Ban on diesel cabs may cost Centre Rs 7,975 crore, government tells Supreme Court
It said the call centre sector, which uses these taxis to transport their employees, may move their offices out of India if their business is affected.
The Centre on Thursday told the Supreme Court that banning all diesel-run taxis in the Delhi-National Capital Region could lead to losses of $1.2 billion (approximately Rs 7,975.25 crore) in the country's revenue if the move affected the business process outsourcing or BPO sector. “The ban would affect the business generated by inter-city cabs engaged by BPOs to ferry employees, and this could cost India $1.2 billion,” Solicitor General Ranjith Kumar told a bench headed by Chief Justice TS Thakur.
Kumar warned the court that the call centres may consider shifting their operations out of India, and added that the central government will file an application on the matter soon as it concerned the safety of call centre employees as well. He also argued that CNG-run buses cannot enter small lanes and by-lanes to drop women employees to their doorstep at night, The Times of India reported.

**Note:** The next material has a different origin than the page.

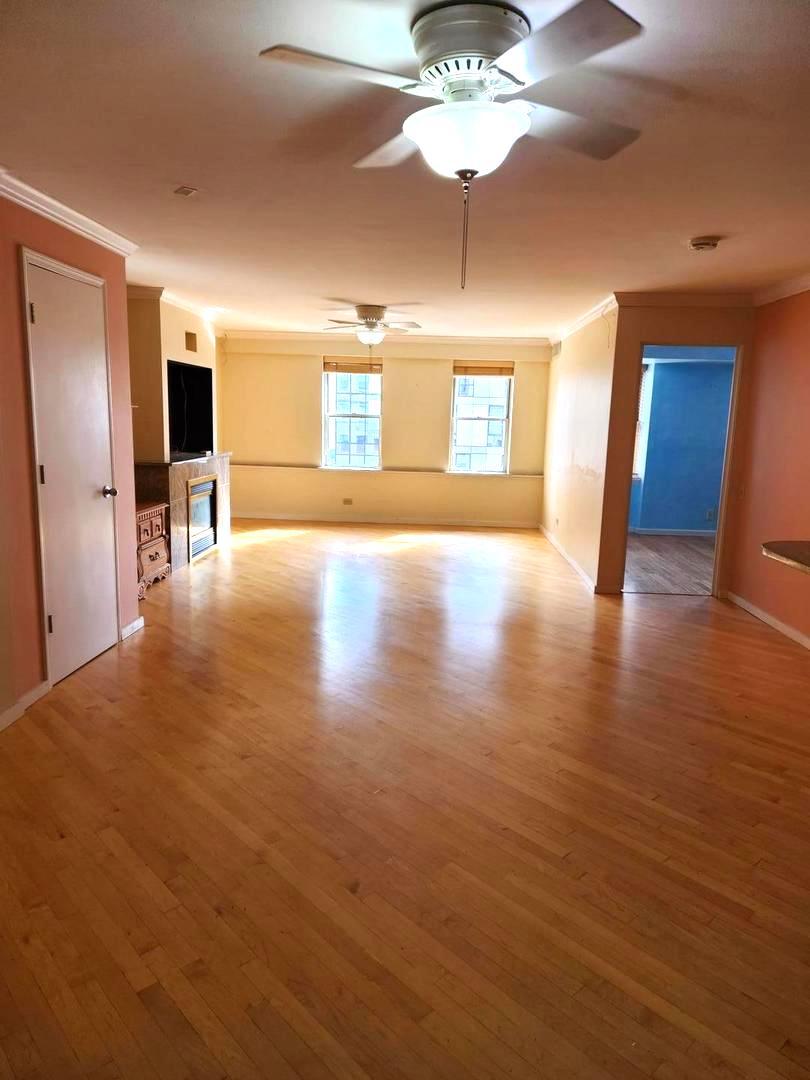40 East 9th Street, Unit 1604 Chicago, IL 60605 - Photo 8 of 25 a view of a livingroom with a ceiling fan window and hardwood floor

The apex court bench on Saturday had extended the ban on diesel cabs in the region till May 9, when the next hearing on the matter is scheduled. Diesel cab operators were asked to convert their vehicles to run on CNG by April 30. The bench also questioned the Delhi government about why pollution levels in the capital remained unchanged despite the implementation of the odd-even scheme and a ban on the entry of trucks.
Around 30,000 diesel taxis have stopped operating in Delhi following the Supreme Court verdict, the Aam Aadmi party government had said, adding that had inconvenienced many and led to law and order situations. The top court scheduled the matter for Monday, directing all parties to come prepared with suggestions to phase out diesel cabs from the national capital.